Warranty & indemnity insurance (W&I insurance) is an instrument increasingly used in the Dutch merger and acquisition market.
In 2023, only 4% of transactions of less than €25 million in Europe used W&I insurance (compared to 42.5% for larger transactions). Nevertheless, there are recent developments that make S&I insurance interesting for smaller transactions.
In this expert contribution, we successively explain (i) what W&I insurance is, (ii) the reasons for using W&I insurance and (iii) why W&I insurance is becoming interesting for smaller transactions as well.
What is S&I insurance?
W&I insurance is a specialized insurance used in mergers and acquisitions to protect buyers and sellers against breaches of warranties and (tax) indemnities in the purchase agreement.
There are two types of policies: seller policies protect the seller against buyer claims. Buyer policies protect the buyer against financial losses resulting from breaches of warranties and indemnities in the purchase agreement. Most S&I insurance policies are buyer's policies (96% in Europe).
We use the following assessment criteria for W&I insurance:
- (i) Policy limits (the maximum payout under a policy, usually as a percentage of the transaction value)
- (ii) excess risk (is paid by the insured - i.e. usually the buyer! - paid before coverage takes effect and is sometimes shared between buyer and seller)
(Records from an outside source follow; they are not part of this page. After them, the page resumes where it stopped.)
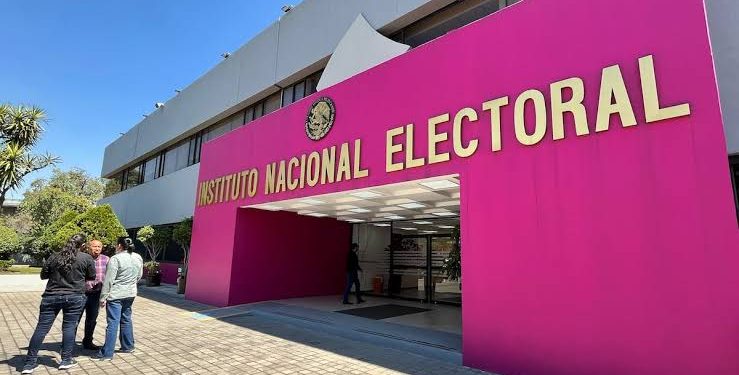 relevo en el INE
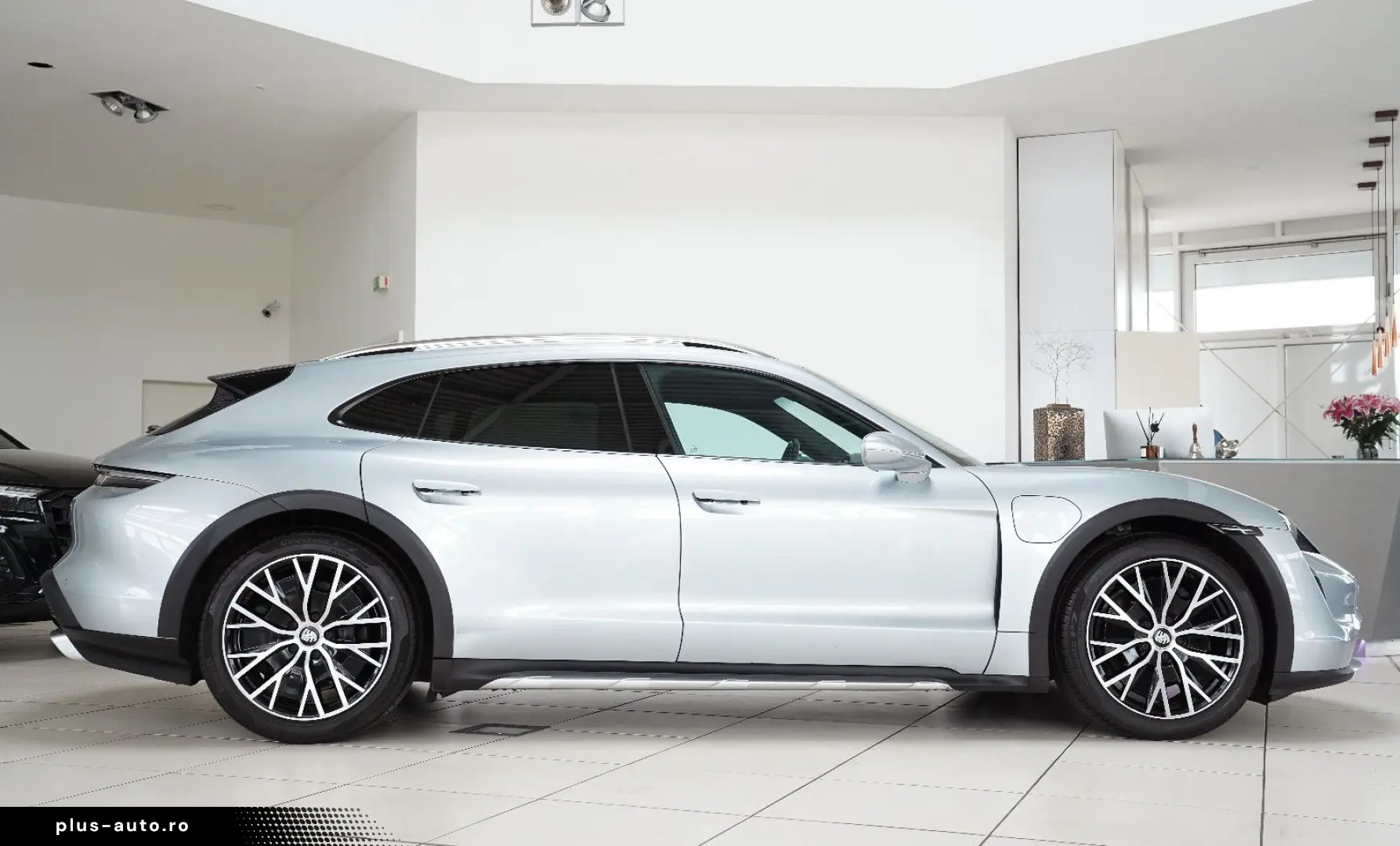 Taycan Cross Turismo 4 Turbo S Aero HUD Pano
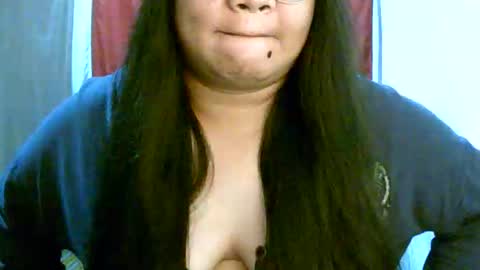 pinayjona online show from March 18, 1:05 pm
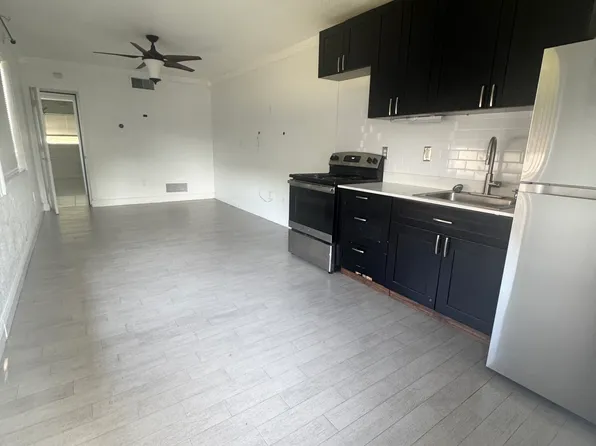 7443 Branch St, Hollywood, FL 33024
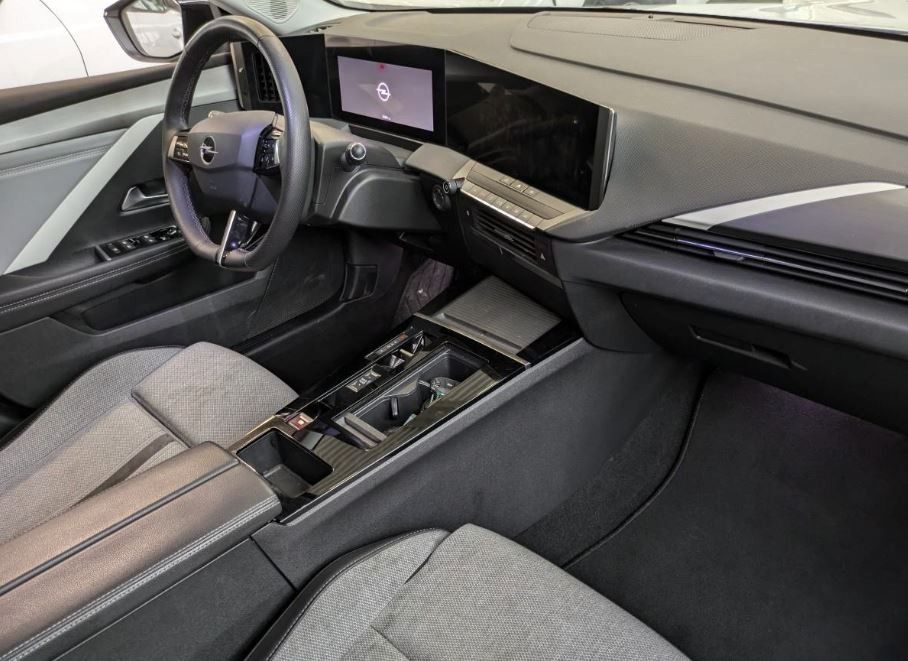 Fahrzeugabbildung Opel Astra L Lim. 1.2T ELEGANCE NAVI/LED/VIRTU./SPORT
- (iii) Coverage period (preferably corresponding to warranty periods).
- (iv) (standard) exclusions (e.g. issues uncovered during due diligence, fraud, and forward-looking statements)
- (v) the underwriting process (thorough review of transaction documentation, due diligence reports and warranty appendix, by insurer).
Main reasons for W&I insurance
W&I insurance offers undeniable advantages in mergers and acquisitions. For buyers, it sits in competitive bidding and protection against unknown risks and warranty breaches, which increases confidence in the deal and potentially allows for more favorable financing terms.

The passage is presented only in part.